Gwyneth Paltrow recently took on a challenge to live on the $29 weekly supplemental food assistance that many Americans receive to feed their families. She wanted to raise awareness about poor people in the US and thought it’d be a fun experiment to spend her own $29 on a dozen eggs, 7 limes and other shit that is not realistic whatsoever for the millions of families that actually utilize the SNAP program. But whatever! It’s not like she was ever going to stick to it anyway!
In a piece written for her decidedly not poor lifestyle site, Goop, Gwyn gave herself a hearty C- on the challenge, despite the fact that she quit four days in – an option I think is obvious is not available to the people actually living like this. But it’s not about Gwyneth! I mean, after all, she donated a whole lot of money to the Food Bank For New York City! What more do you people want?!

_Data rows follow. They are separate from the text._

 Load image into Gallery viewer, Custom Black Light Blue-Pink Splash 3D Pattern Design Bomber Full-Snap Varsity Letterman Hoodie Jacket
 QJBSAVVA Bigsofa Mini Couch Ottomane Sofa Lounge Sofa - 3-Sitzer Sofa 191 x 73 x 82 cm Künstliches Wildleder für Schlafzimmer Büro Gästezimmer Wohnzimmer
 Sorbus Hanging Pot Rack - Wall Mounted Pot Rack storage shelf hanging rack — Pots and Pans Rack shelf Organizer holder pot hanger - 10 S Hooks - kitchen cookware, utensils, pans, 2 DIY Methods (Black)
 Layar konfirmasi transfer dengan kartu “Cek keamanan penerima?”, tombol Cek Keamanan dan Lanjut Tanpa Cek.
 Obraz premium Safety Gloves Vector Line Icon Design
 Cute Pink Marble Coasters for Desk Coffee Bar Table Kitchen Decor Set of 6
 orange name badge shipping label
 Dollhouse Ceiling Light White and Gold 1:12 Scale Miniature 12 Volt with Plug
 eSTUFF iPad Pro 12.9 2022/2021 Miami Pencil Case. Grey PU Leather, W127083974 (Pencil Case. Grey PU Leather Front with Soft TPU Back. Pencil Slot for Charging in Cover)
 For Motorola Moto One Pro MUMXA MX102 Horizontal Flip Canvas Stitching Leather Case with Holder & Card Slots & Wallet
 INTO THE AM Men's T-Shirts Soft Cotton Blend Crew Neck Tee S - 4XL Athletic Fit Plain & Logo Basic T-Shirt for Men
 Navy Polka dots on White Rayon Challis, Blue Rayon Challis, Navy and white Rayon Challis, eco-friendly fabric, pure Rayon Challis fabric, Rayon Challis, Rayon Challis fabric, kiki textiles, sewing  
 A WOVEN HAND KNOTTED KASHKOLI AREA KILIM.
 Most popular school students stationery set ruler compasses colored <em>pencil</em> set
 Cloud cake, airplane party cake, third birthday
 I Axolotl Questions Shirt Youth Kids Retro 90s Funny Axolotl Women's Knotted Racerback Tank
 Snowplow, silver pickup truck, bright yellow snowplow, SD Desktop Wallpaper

Dubious that I could complete the week, I donated to the Food Bank at the outset, and all of us at the goop office began the challenge. As I suspected, we only made it through about four days, when I personally broke and had some chicken and fresh vegetables (and in full transparency, half a bag of black licorice). My perspective has been forever altered by how difficult it was to eat wholesome, nutritious food on that budget, even for just a few days—a challenge that 47 million Americans face every day, week, and year. A few takeaways from the week were that vegetarian staples liked dried beans and rice go a long way—and we were able to come up with a few recipes on a super tight budget.
After trying to complete this challenge (I would give myself a C-), I am even more outraged that there is still not equal pay in the workplace. Sorry to go on a tangent, but many hardworking mothers are being asked to do the impossible: Feed their families on a budget which can only support food businesses that provide low-quality food. The food system in our beautiful country needs to be subjected to a heavy revision—it is a cyclical problem, with repercussions that we all feel. I’m not suggesting everyone eat organic food from some high horse in the sky. I’m saying everyone should be able to afford fresh, real food. And if women were paid an equal wage, families might have more of a choice in the grocery aisles, not to mention in the rest of their lives.
She then goes on an entire tangent about how this is really about women making more and how that would solve all the hunger problems in this country. Because, you know, every mother has got a job to begin with. And only women are head of households – it’s not like there are any single dads out there or anything who could also be struggling and need help. If she ever wanted to prove more than ever just how out of touch she is, this was a great exercise in doing just that.